00Blog: The Science of Sales, FeaturedTags: , , , , , , November, 19

While selling has never been easy, it hasn’t become harder either. Selling has become a more refined process where efficiency is key. Increasing sales performance requires operational awareness of the quality of leads generated from marketing as well as the performance of individual salespeople.

With artificial intelligence (AI), your business can understand the deeper dynamics of the sales process, and make it possible to see the incremental value created by sales and marketing activities. You can then better allocate time and resources to unlock the performance gains within your organization. There are pitfalls to avoid, however. Here are three of the biggest, and what to do about them.

 

#1: Misallocating Sales and Marketing Resources

One of the biggest performance traps that organizations fall into is not understanding sales’ contribution to the revenue generation process and failing to allocate resources accordingly. This comes from recognizing the true revenue contribution of each salesperson and understanding the actual role that marketing and sales develop activities play in generating quality leads and opportunities. A mistake that many firms make is assuming that the people generating the revenue are the same ones who are closing the sales. This is not always the case.

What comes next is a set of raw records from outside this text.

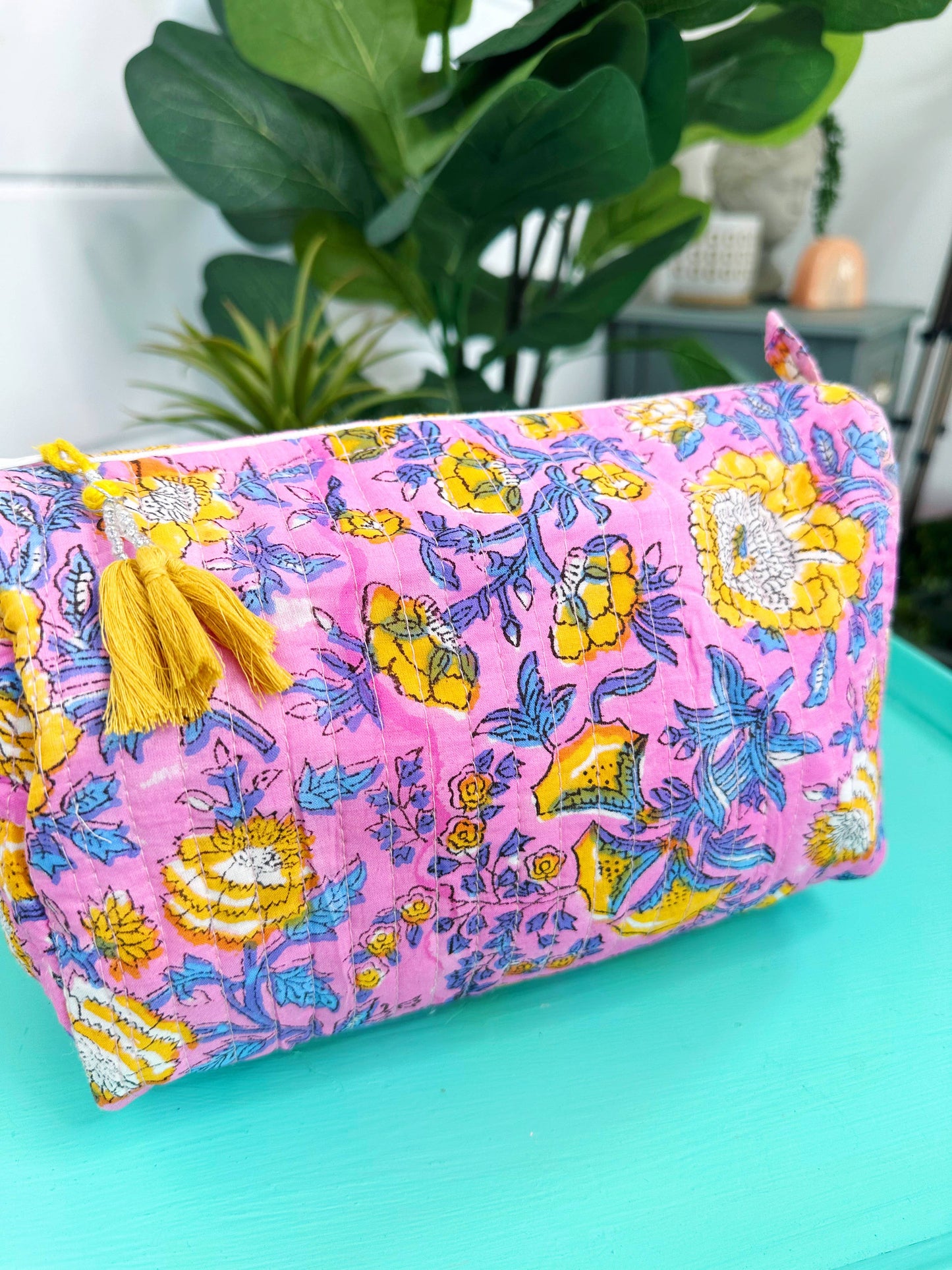 Quilted Pink & Yellow Makeup Bag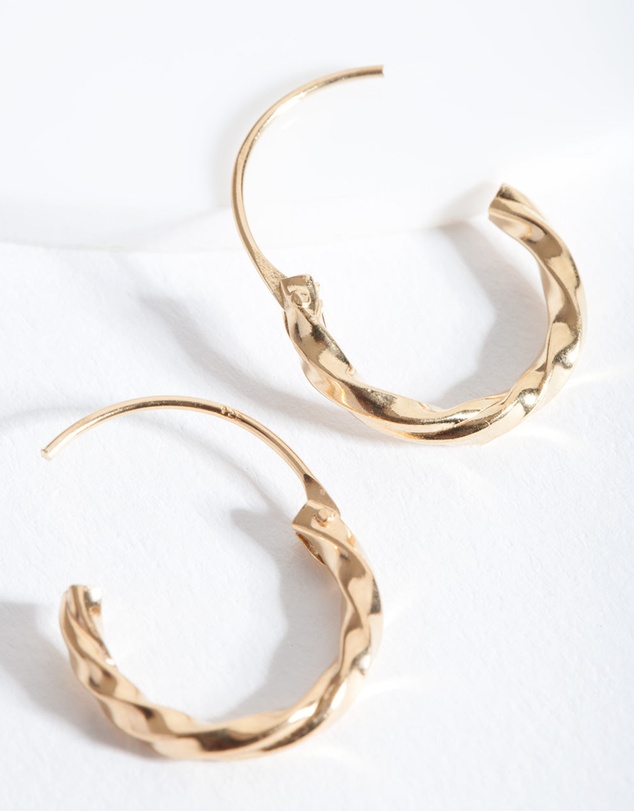 Lovisa - Gold Plated Sterling Silver Chunky Twist Hoop Earrings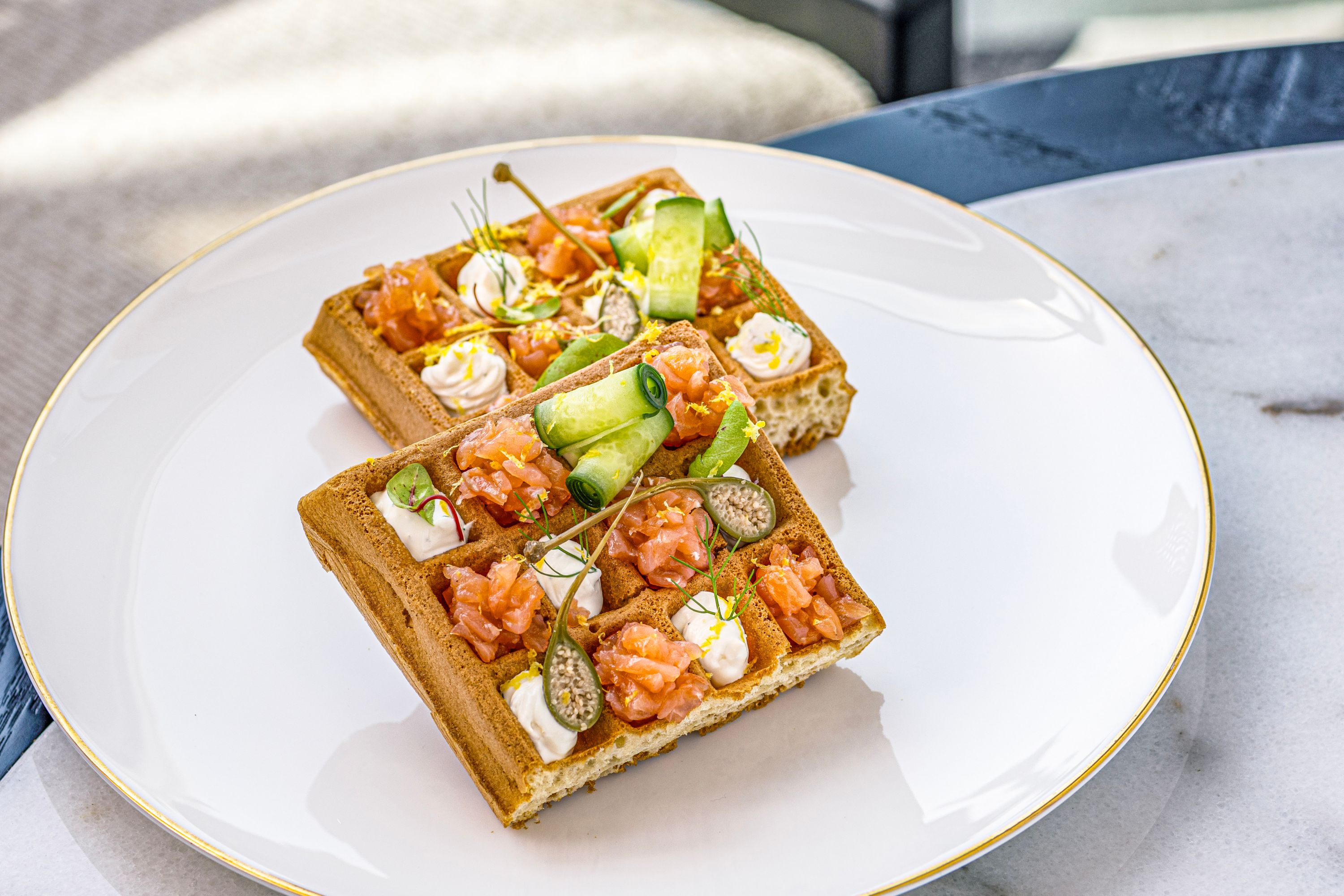 Savoring Gourmet Waffles at Sofitel Al Hamra Beach Resort, UAE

The best sales person on the team isn’t necessarily the one who has signed the most contracts. Instead, it’s the one who has added the most value to the leads and opportunities received by the marketing and sales development teams. It may appear that sales professionals sell more because they’ve received more valuable leads from marketing, or they work a territory that has greater demand than another representative. An external market factor, such as a local competitor leaving the market, can also distort the picture of sales person’s performance.

 

#2: Assigning the Wrong Leads to the Wrong Salesperson

Many firms have inadequate awareness of the true dynamics of the sales process, because they don’t understand which sales professionals are actually producing the most value. This skewed assessment leads to many firms assigning some of the best leads to salespeople who are less likely to convert them into won deals.

With a better understanding of sales performance, organizations can optimize sales performance by allocating the best leads to the most productive sales professionals or those who can maximize the sales volume for a lead. This is accomplished by having the best product knowledge or closing effectiveness, generating incremental sales value without increasing marketing expenses or sales headcount.

 

#3: Inefficient Training for Your Sales Staff

As counter-intuitive as it seems, sales professionals can actually destroy value when marketing activities have produced a quality lead. Negative sales value often arises when a rep has insufficient product knowledge, a low work ethic or inadequate closing skills. Having the right operational intelligence, makes it easy to train the right sales professionals on the right skill.

With better awareness of the true contribution of each sales professional, implementing spot training for those who need it can have a huge impact on overall sales performance.

 

Avoiding Performance Traps

While improving sales performance requires better operational intelligence, most firms do not have the time, skills or resources to analyze their sales data comprehensively enough to generate this insight.

The good news is that advances in statistical science, machine learning, natural language processing and AI now allow businesses to analyze their sales and CRM data for new levels of understanding that were not possible before.

For a deeper look at improving your company’s sales performance, check out Cien’s Guide to Solving Sales Performance Traps.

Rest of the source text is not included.